- PROBLEM STATEMENT: The data must be given again exactly as written, with all images omitted.

- STORED DATA:
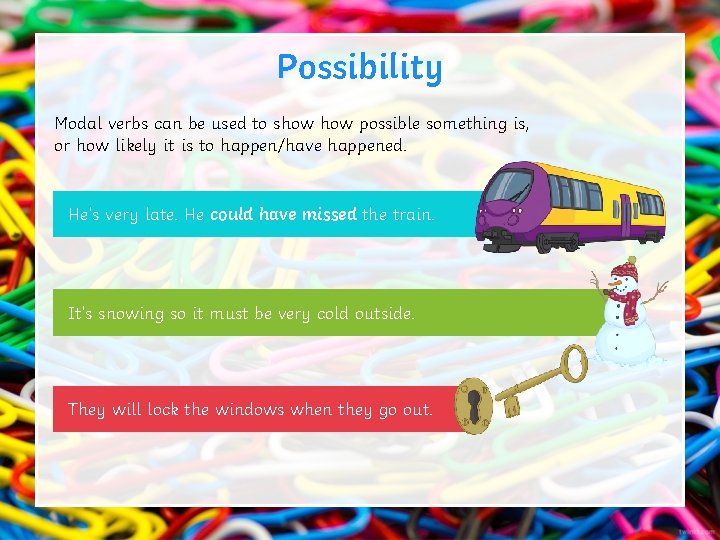 Possibility Modal verbs can be used to show possible something is, or how likely Possibility Modal verbs can be used to show possible something is, or how likely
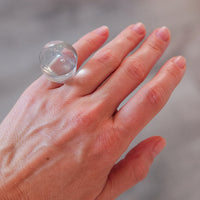 Vintage Siv Lagerström Blue-Green Tint Acrylic Ring – Size 5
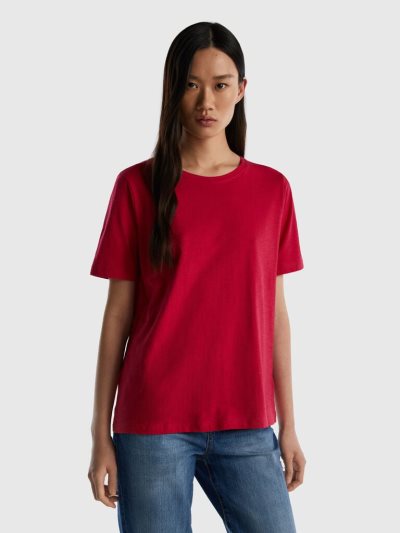 Fuchsia Women's Benetton Crew Neck Slub Cotton Short Sleeve T-shirts | AU347112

- RESPONSE:
 Possibility Modal verbs can be used to show possible something is, or how likely Possibility Modal verbs can be used to show possible something is, or how likely
 Vintage Siv Lagerström Blue-Green Tint Acrylic Ring – Size 5
 Fuchsia Women's Benetton Crew Neck Slub Cotton Short Sleeve T-shirts | AU347112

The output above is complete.